After completing a case study on hydroponic farming with Emerald Greens, (a large vertical farm located in Co Tipperary), Cillian found there are a lot of innovative farming methods that can be used to help maximise the potential of a circular model.

“Vertical farming seems to be a really innovative method,” he says. “They can produce year-round and there is a lot less water and soil needed. There are concerns with set-up costs at the moment but I think if the Government can help support with policies and grants, vertical farming could have big potential in the country.”

The Climate Economy Conundrum

Northern Ireland Medal winner

Eleanor Dunne, Lauren McSwiggan and Orlagh McEvoy, Northern Ireland Medal winner's from Sacred Heart Grammar, Newry

Eleanor Dunne, Lauren McSwiggan and Orlagh McEvoy are Year 11 students at Sacred Heart Grammar in Newry.
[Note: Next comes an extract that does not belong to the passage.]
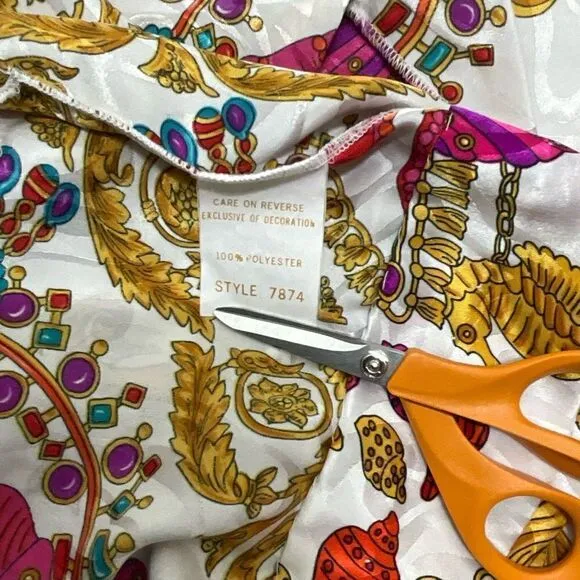 VINTAGE MARY MCFADDEN Satin wrap robe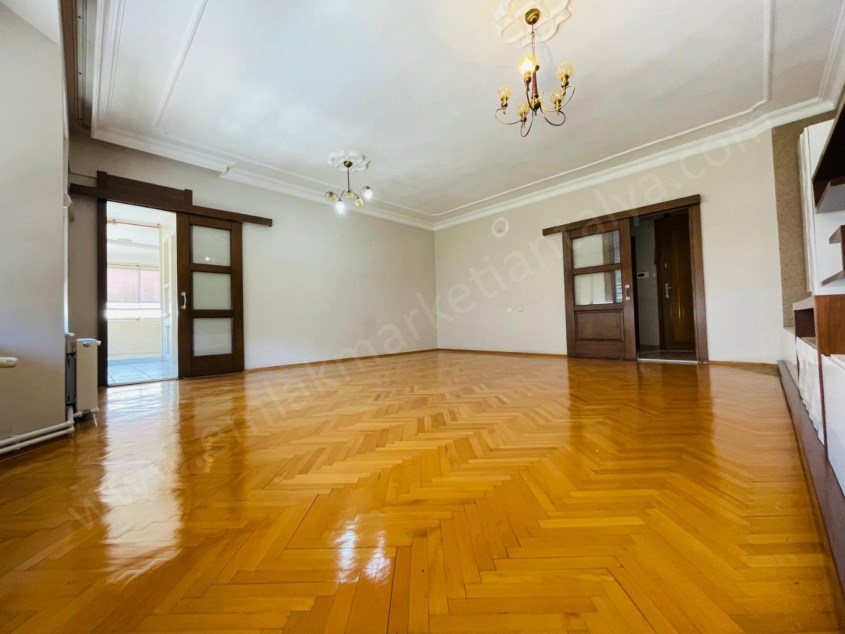 ZERDALİLİĞİN EN MUHTEŞEM LOKASYONUNDA ASANSÖRLÜ AYRI MUTFAK 3+1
They decided to tackle the “climate economy conundrum” due to the recent approval of the Willow Project to allow oil drilling in Alaska, which if completed will release an additional 9.2 million metric tons of carbon pollution into the atmosphere each year.

“[American President Joe] “Biden had approved the Willow Project recently, so we decided it would be good to do a project on it so people would understand why it is bad,” Lauren explains.

“A lot of things about the Willow Project will improve the economy, so we focused on other climate [issues] - like the tornado in Alabama - to show that just because the Willow Project improves the economy, [it might cause other problems].”

The students showed how climate change has caused critical damage to both the earth and the economy.

DRS- Can money-back economics deliver change for good?

Environmental sustainability award

Benedict O’Sullivan, Michael Owens and Kevin Cooney, winners of the environmental sustainability award from Glenstal Abbey School , Co Limerick. Photo credit: Paul Moore

Benedict O’Sullivan, Michael Owens and Kevin Cooney are 1st years in Glenstal Abbey School in Limerick.

This group completed a project based on a deposit return scheme; questioning if money-back economics can deliver change for good. The group’s YEOTY project quantifies the annual environmental benefits of Ireland’s upcoming Deposit Return Scheme (DPS), its impact in recycled PET (polyethylene terephthalate) plastic pricing and considers the economics of installing a reverse vending machine in their school. The students found that, from a school of their size with 250 students, they would instead recommend using a manual collection point to maximise the value of charitable donations.

“The manual bottle scheme is cheaper for us to implement in our school and it will save a lot of energy,” says Benedict.